Korean Wedding Tradition
Instead of a wedding cake, the couple may share three spoonfuls of rice. The rice represents the meals they will share for the rest of their married lives; much like the traditional wedding cake is a symbol of sharing. They then pour a Korean liquor made from rice, such as Sake, into two cups, which symbolizes the union of their souls.
At a Polish wedding, bread, wine and salt are important symbols. The bread represents the couple never being hungry. The salt is a reminder that times may be difficult, but that they will be able to cope with whatever comes along and the wine represents good health and spirits.
In a Russian wedding, the couple bites into a loaf of bread that symbolizes health, long life and prosperity. Whoever takes the biggest bite of bread is considered the one who “wears the pants” in the family!

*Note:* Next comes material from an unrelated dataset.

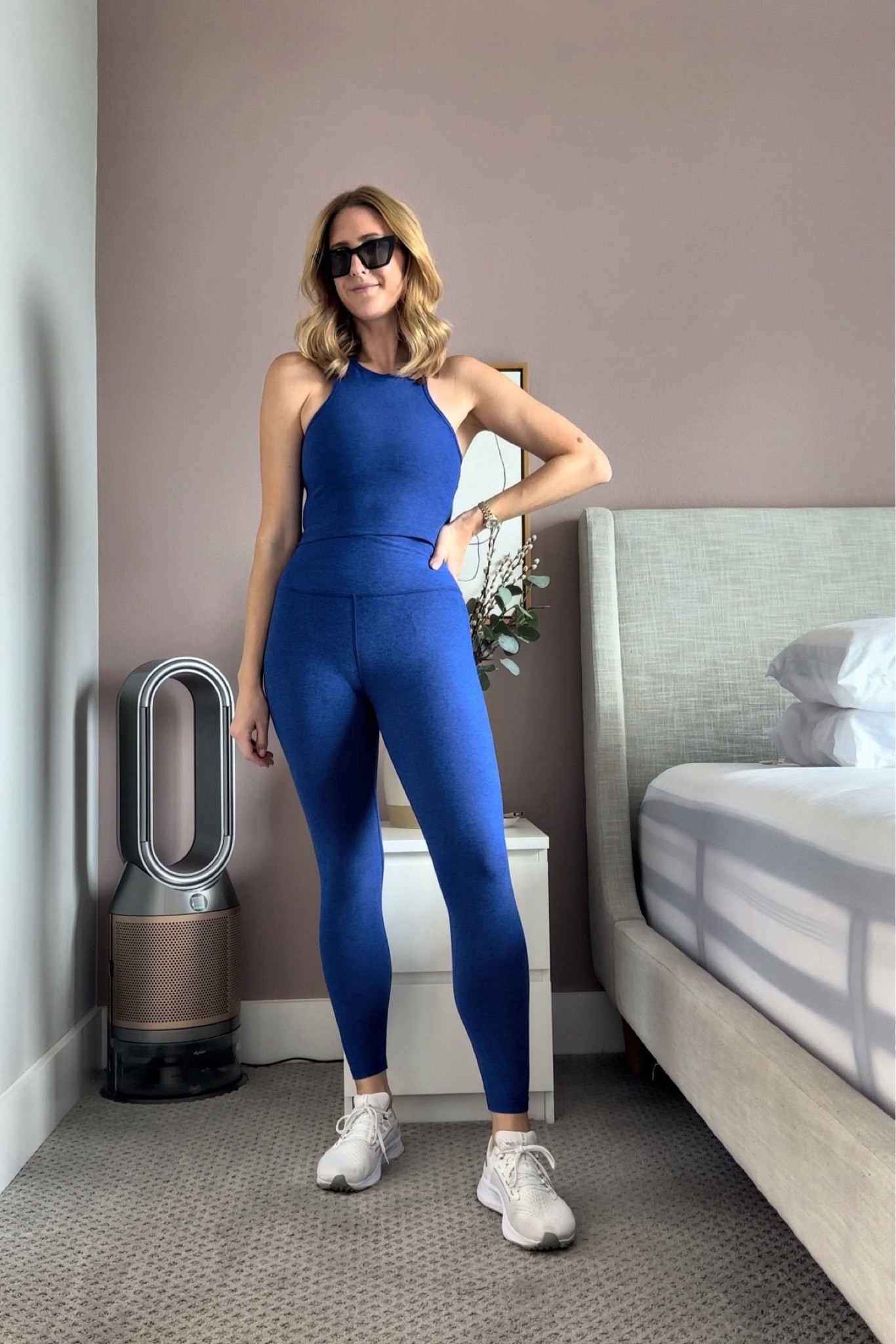Beyond yoga workout set. Wearing a small - this material  is so soft! And I’m loving this blue color 

#LTKFitness #LTKStyleTip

Jamaican Wedding Cake Traditions
A traditional Jamaican wedding cake is a dark cake that has been soaked in rum for a about a year so the fruits and bread will be flavoured and moist.
Norway Wedding Cake Traditions
The Brudlaupskling is a wedding cake from Norway that dates back to the days when it was hard to find white flour on Norwegian farms. The bread is covered in a mixture of cheese, cream and syrup and then folded over and cut into squares.
Peruvian Cake Pull
This cake pull is similar to the one practiced in the Southern United States, however, at the end of one of these ribbons will be a ring which represents the puller as the next one to be married.
In Ukraine, couples share korovai instead of a cake. The korovai is bread that is decorated with symbolic motifs, which present eternity and joining of the families.